> [TASK PROMPT]: Look in the material below for the line holding "PLEASANT - BROWN - Image 4". Set it down exactly, with each later line up to and including the line holding "1806 NW 15th Ter., Cape Coral, FL 33993".

-------- MATERIAL TO PROCESS --------

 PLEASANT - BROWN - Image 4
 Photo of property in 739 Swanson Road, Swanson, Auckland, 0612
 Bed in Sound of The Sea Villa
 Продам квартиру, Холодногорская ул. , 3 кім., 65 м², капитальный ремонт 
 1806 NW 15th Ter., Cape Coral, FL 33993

--------
-------- MATERIAL TO PROCESS --------

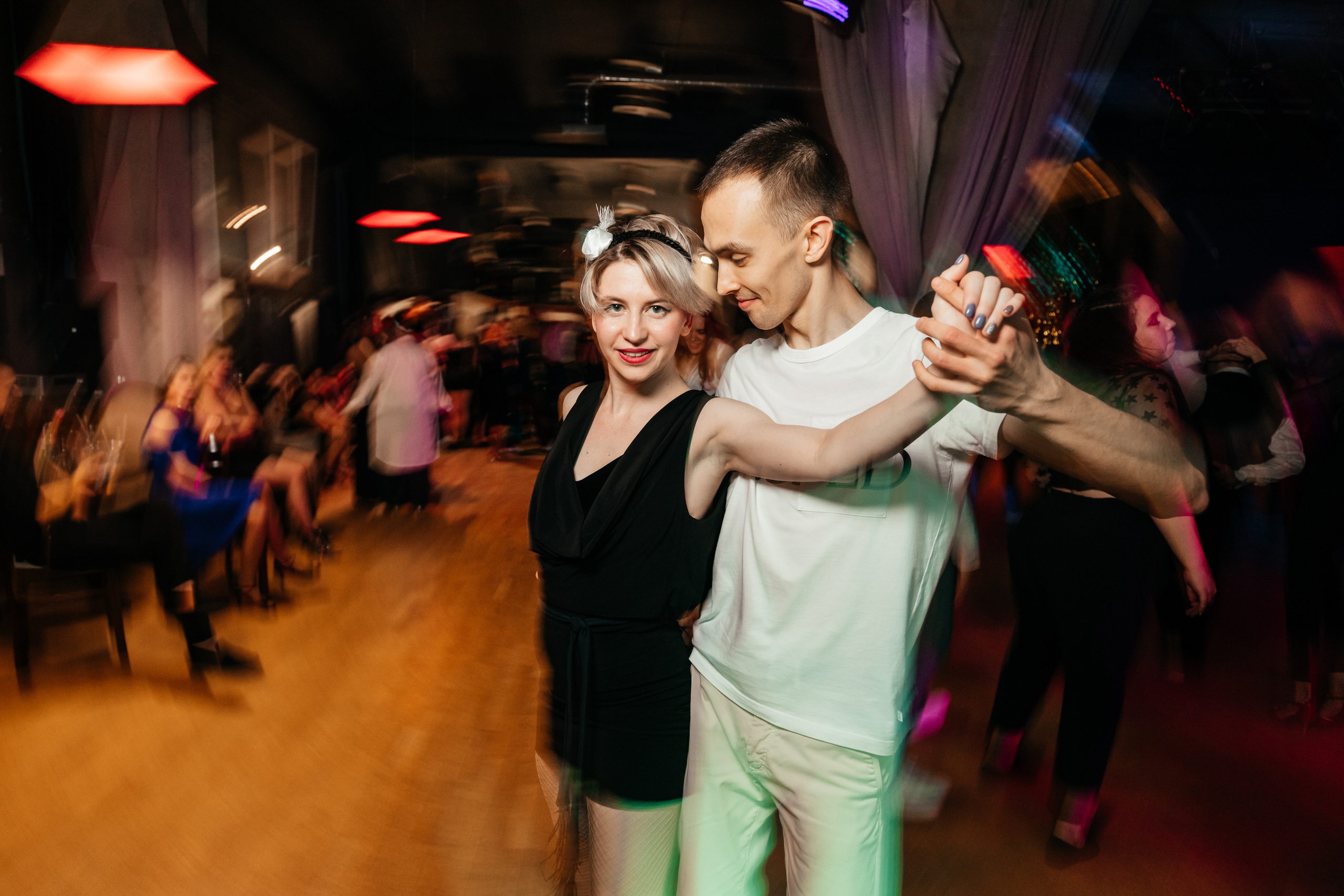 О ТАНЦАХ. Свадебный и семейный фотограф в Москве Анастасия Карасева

--------

> [YOUR SOLUTION]:
 PLEASANT - BROWN - Image 4
 Photo of property in 739 Swanson Road, Swanson, Auckland, 0612
 Bed in Sound of The Sea Villa
 Продам квартиру, Холодногорская ул. , 3 кім., 65 м², капитальный ремонт 
 1806 NW 15th Ter., Cape Coral, FL 33993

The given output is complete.